LeetCode解题报告—— Minimum Window Substring && Largest Rectangle in Histogram

1. Minimum Window Substring

Given a string S and a string T, find the minimum window in S which will contain all the characters in T in complexity O(n).

Example:

Input: S = "ADOBECODEBANC", T = "ABC"
Output: "BANC"

Note:

• If there is no such window in S that covers all characters in T, return the empty string "".
• If there is such window, you are guaranteed that there will always be only one unique minimum window in S.

思路

利用HashMap存储T中的每个字符，及其出现频率，先在S中找包含T的的第一个Window Substring，找到了后因为可能不是最小的所以还是要从左往右遍历找，只不过这是有点技巧的找。判断这个window substring的最左字符，如果不是在T中的直接删除，继续判断它的下一个位置，如果是在T中的话也删除它，不过这删除后下一步我们要转到window substring的最右边去寻找我们删除掉的字符，如果找到则构成新的window，再重复相同步骤，过程中记录windows的最小长度，如果找不到则表明后面没有能包含T的window substring了，也就是找到了所有包含T的Window Substring的情形。

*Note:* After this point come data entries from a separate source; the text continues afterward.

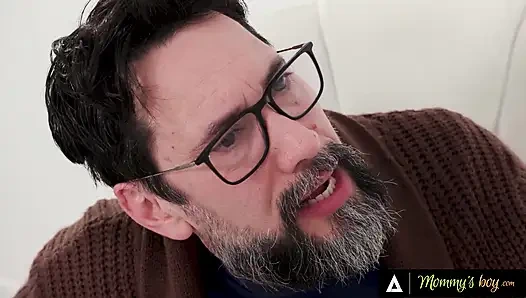 Mommy's Boy - массивные сиськи грудастой крошки вдохновляют на порно сценарий с жестким трахом сисек с камшотом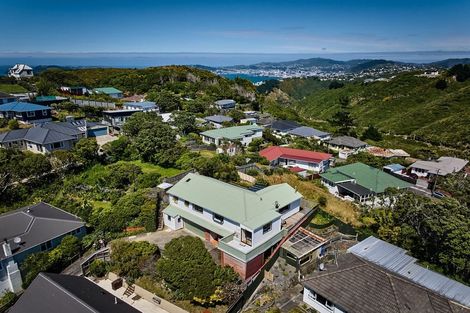 Photo of property in 20 Lyndfield Lane, Newlands, Wellington, 6037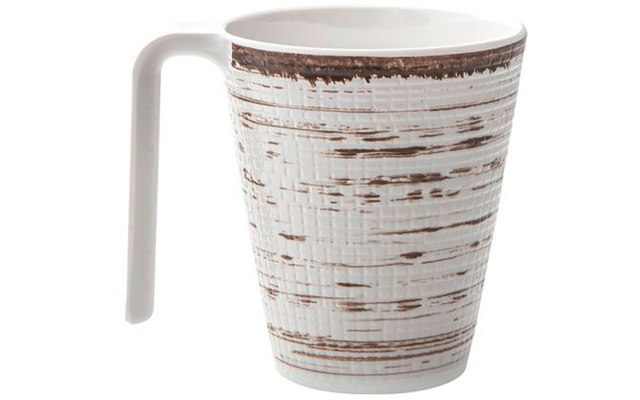 Weiße Keramiktasse mit unregelmäßigen braunen horizontalen Streifen und linksseitigem Griff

1. create a hashmap for each character in t and count their frequency in t as the value of hashmap.
2. Find the first window in S that contains T.
3. Checking from the leftmost index of the window and to see if it belongs to t. The reason we do so is that we want to shrink the size of the window.
   3-1) If the character at leftmost index does not belong to t, we can directly remove this leftmost value and update our window(its minLeft and minLen value)
   3-2) If the character indeed exists in t, we still remove it, but in the next step, we will increase the right pointer and expect the removed character. If find so, repeat step 3.

代码

class Solution {
    public String minWindow(String s, String t) {
        HashMap<Character, Integer> map = new HashMap<Character, Integer>();;
        for(char c : t.toCharArray()){
            if(map.containsKey(c)){
                map.put(c, map.get(c)+1);
            }else{
                map.put(c, 1);
            }
        }
        int counter=t.length(), begin=0, end=0, head=0, d=Integer.MAX_VALUE;
        while(end<s.length()){　// 先找左边第一个包含T的substring
            char c_left=s.charAt(end);
            if(map.containsKey(c_left)){
                map.put(c_left, map.get(c_left)-1);
                if(map.get(c_left)>=0) counter--;
            }
            end++;
            while(counter==0){ // 如果找到，则从substring的左边考虑
                if(end-begin<d){
                    head=begin;
                    d=end-begin;
                }
                char c_right=s.charAt(begin);
                if(map.containsKey(c_right)){
                    map.put(c_right, map.get(c_right)+1);
                    if(map.get(c_right)>0)  counter++;
                }
                begin++;
            }
        }
        return d==Integer.MAX_VALUE? "":s.substring(head, head+d);

    }
} 

2. Largest Rectangle in Histogram

Given n non-negative integers representing the histogram's bar height where the width of each bar is 1, find the area of largest rectangle in the histogram.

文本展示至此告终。